→ Assigned task
Write out all the records exactly, and keep any images out.

→ Material for the task
__________________________________________________
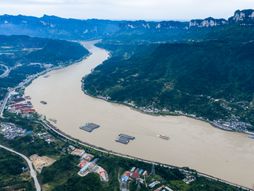Yangtze River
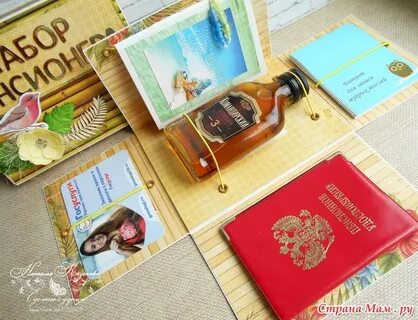 Подарок пенсионеру
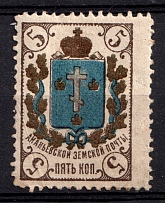 1883 5k Ananiev Zemstvo, Russia (Schmidt #7, Dark Brown)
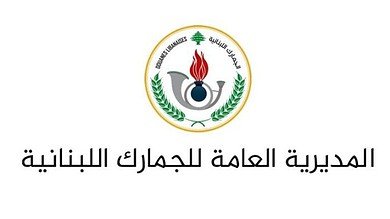 الجمارك دعت وسائل الاعلام إلى الاطلاع على مضبوطات طبية مهربة ومنتهية الصلاحية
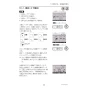三菱電機 PAR-42MA 取扱説明書 施工説明書 納入仕様図 【廃番品】空調管理システム MAスマートリモコン 取扱説明書33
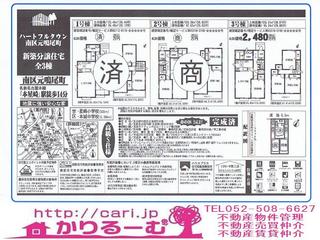 新築分譲住宅(一戸建て) 愛知県名古屋市南区元鳴尾町 名鉄名古屋本線本星崎駅徒歩14分 木造2階建 駐車場2台分スペース有 学区:星崎小学校、本城中学校 4LDK 価格2,480万円(税込) 土地面積128平米 建物面積95平米 物件番号70620544K.jpg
__________________________________________________
→ Task response
Yangtze River
 Подарок пенсионеру
 1883 5k Ananiev Zemstvo, Russia (Schmidt #7, Dark Brown)
 الجمارك دعت وسائل الاعلام إلى الاطلاع على مضبوطات طبية مهربة ومنتهية الصلاحية
三菱電機 PAR-42MA 取扱説明書 施工説明書 納入仕様図 【廃番品】空調管理システム MAスマートリモコン 取扱説明書33
 新築分譲住宅(一戸建て) 愛知県名古屋市南区元鳴尾町 名鉄名古屋本線本星崎駅徒歩14分 木造2階建 駐車場2台分スペース有 学区:星崎小学校、本城中学校 4LDK 価格2,480万円(税込) 土地面積128平米 建物面積95平米 物件番号70620544K.jpg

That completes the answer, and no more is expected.